According to All About Circuits (Introduction to the Decibel), op-amp gain in decibels equals 20 log10 of the magnitude because voltage is a field quantity and uses the 20 multiplier rather than 10.
To convert that dB figure back into a linear ratio or add two gain stages in dB, the decibel calculator applies the same 20 log10 voltage rule with dB-addition math.
Frequently Asked Questions
Q: What is op amp gain?
A: Op amp gain is the ratio of output voltage to input voltage for an operational amplifier circuit with negative feedback. For the inverting configuration it equals -Rf/Rin, and for the non-inverting configuration it equals 1 + R2/R1. Both expressions assume the op-amp itself has very high open-loop gain and that feedback forces the differential input to zero.
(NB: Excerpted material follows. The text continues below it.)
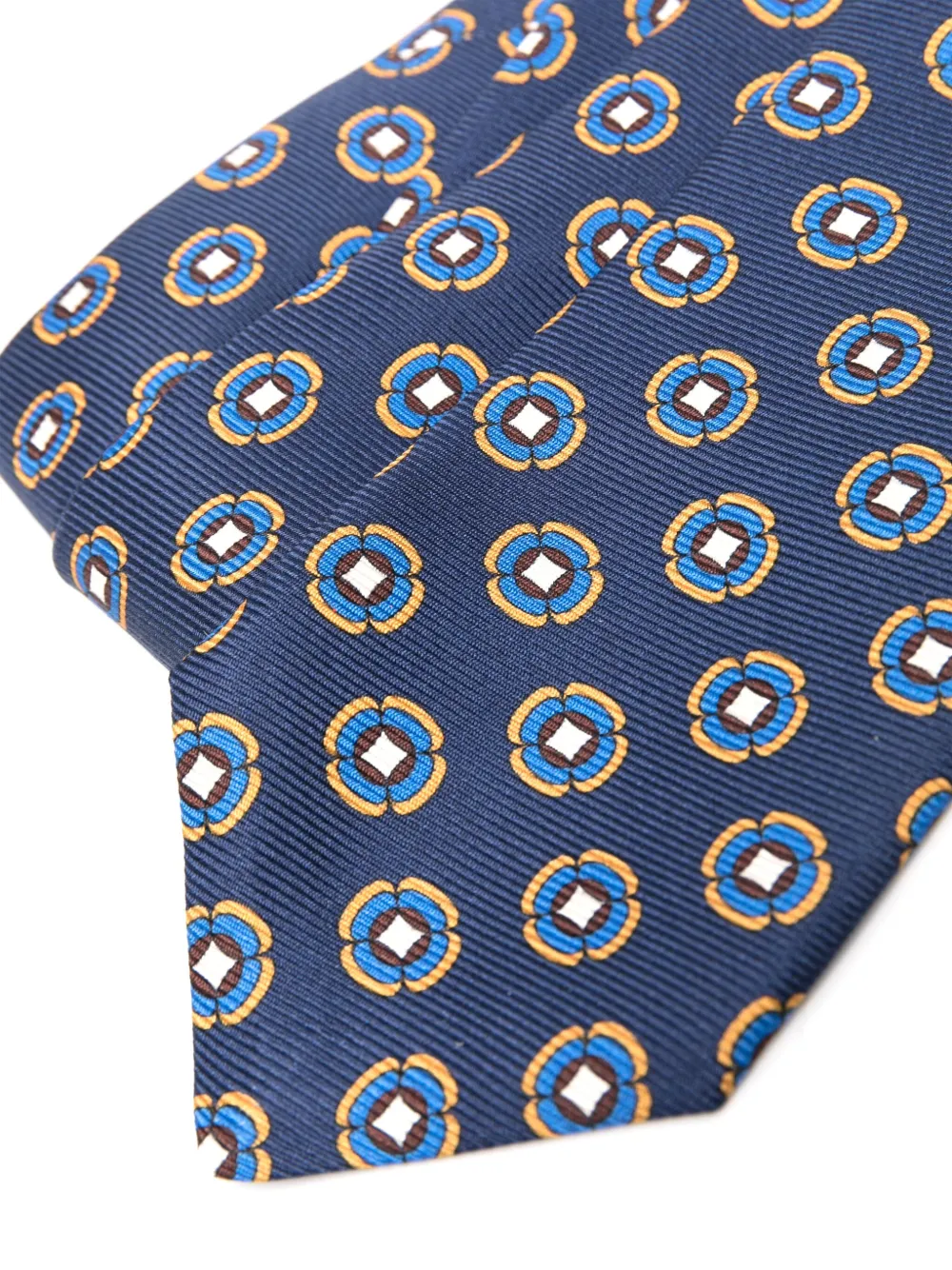 Kiton Stropdas met geometrisch patroon - Blauw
Q: How do you calculate inverting op amp gain?
A: Divide the feedback resistor by the input resistor and apply a negative sign: A_v = -Rf/Rin. So Rin = 1 kΩ and Rf = 10 kΩ give a gain of -10, meaning a 1 V input becomes a -10 V output. The minus sign is the 180° phase inversion that defines the inverting topology.
Q: How do you calculate non-inverting op amp gain?
A: Add one to the resistor ratio: A_v = 1 + R2/R1. With R1 = 1 kΩ and R2 = 10 kΩ the gain is 11, so a 1 V input becomes an 11 V output that stays in phase with the source. Setting R2 to 0 Ω turns the circuit into a unity-gain buffer with A_v = 1.
Q: Why is inverting op amp gain negative?
A: The negative sign reflects the 180° phase inversion between input and output that the inverting topology introduces. The op-amp tries to keep its inverting input at the same voltage as the non-inverting input, so any rise in the input pulls the output downward to compensate. The magnitude Rf/Rin is what most designers care about; the sign is what tells you the polarity flipped.
Q: How do you convert op amp gain to decibels?
A: Take 20 times the log base 10 of the gain magnitude: dB = 20 log10(|A_v|). Because voltage is a field quantity, the decibel uses a factor of 20 rather than 10. A gain of 10 becomes 20 dB, a gain of 100 becomes 40 dB, and a gain of 1 becomes 0 dB.
Q: What is a good op amp gain for audio?
A: Line-level audio pre-amps usually run from unity gain up to about 10× (20 dB), while microphone pre-amps can run from 10× to 1000× (20 dB to 60 dB) depending on the microphone and source level. Going much past 1000× invites noise, oscillation, and gain-bandwidth-product problems with most general-purpose op-amps.